The dominant drugs' issue is as trivial as those that used to overwhelm Liberal Party leadership campaigns during an era when the third party was even more irrelevant than it is at the moment. I recall an absurd campaign in the 1970s when the key issue for the Liberals was whether one of the candidates had undergone a hair transplant. The alleged wearer of the transplant lost.
As I have argued before, the Conservative winner of this contest faces an incomparably easier task than Labour's leaders in the 1980s and early 1990s. He will face a Labour Prime Minister who continues defensively to fight the old battles of the 1980s, flattering the Conservatives by adopting many of their ideas and policies. This is less challenging than opposing a Prime Minister who has moved the country in a new political direction with a degree of popular support. At the same time, the powerful right- wing newspapers will give even a moderately successful Conservative leader an easy ride. Influenced by the newspapers, the broadcasters will follow suit.

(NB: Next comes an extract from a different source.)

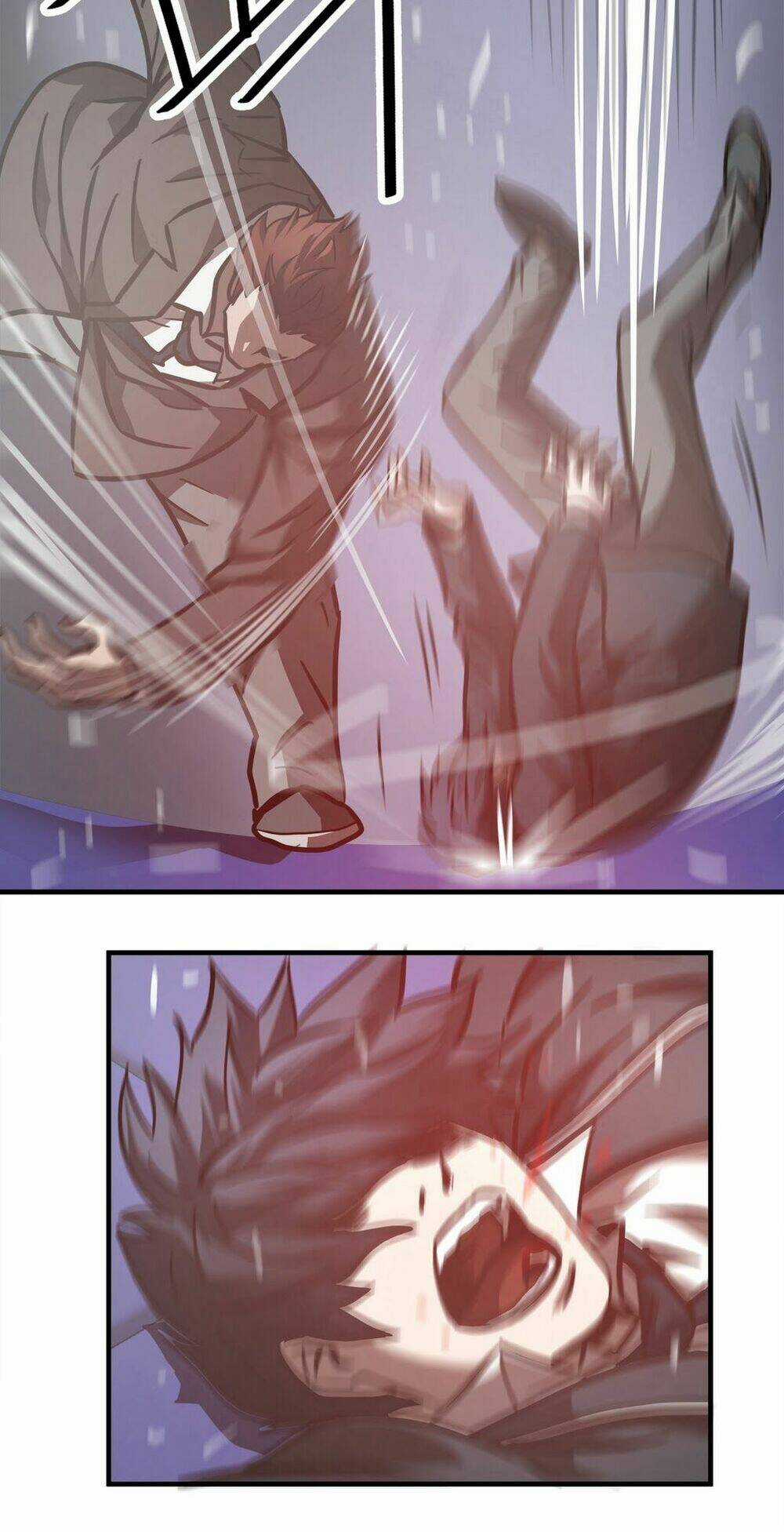 Kẻ Bị Ruồng Bỏ Chapter 20 trang 49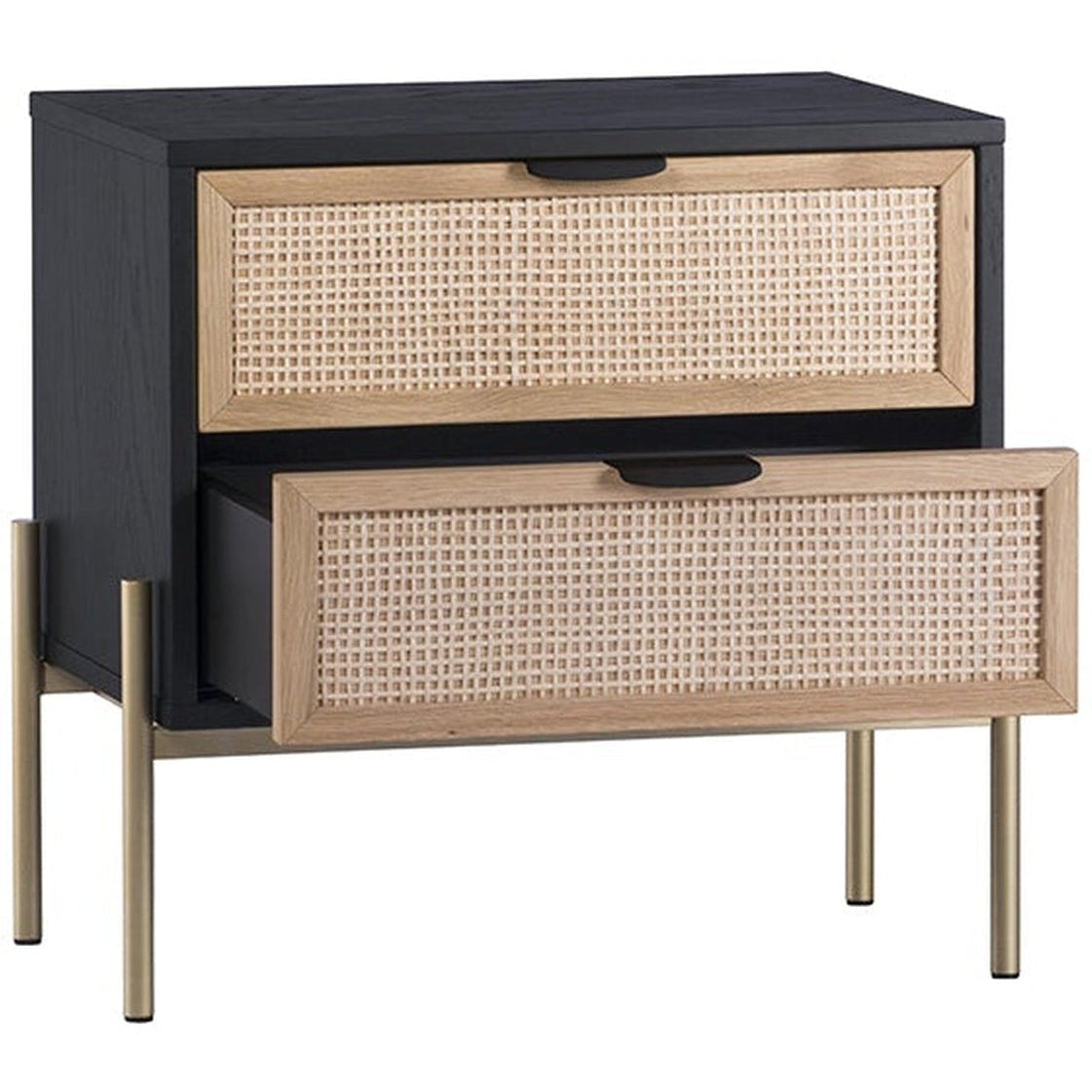 Sunpan Avida Nightstand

But the Conservatives do not appear ready to rise to the modest task. They are not diverted by hair transplants, but dance to too many drug-related tunes. Many of their MPs are also gripped still by their obsession with Europe, the main reason why Ken Clarke has made less progress. Mr Clarke has been the only candidate to raise the party's economic policies but few in the party notice. Most have little interest in economic policy beyond a vague, ill thought-through, flirtation with the introduction of the flat tax.
The triviality of the contest shows also that the MPs are in denial about the demanding nature of the job. No one should do it for very long. The most successful leaders of the opposition have acquired the post in mid term when their party was already performing well and the next election was in sight. This was the rosy context for Harold Wilson and Tony Blair.
The least successful in electoral terms became leaders early in a parliament when their parties were struggling. Neil Kinnock, William Hague and Iain Duncan Smith endured these bleaker starts and never became prime minister. It is a post without power. The leader makes speeches, gives interviews, and responds to events. He is a talking head. Soon the powerlessness becomes a problem.
If Labour wins the next election even by a tiny margin, it is possible the winner of the current contest will be in the post for eight years, like Mr Kinnock. That is too long for any figure, however great.
Mr Cameron is not so lucky, after all. He is doing too well too quickly. Perhaps his first misfortune in a soaring political career will be to win the contest and become an inexperienced leader of a party that is still a long way from power.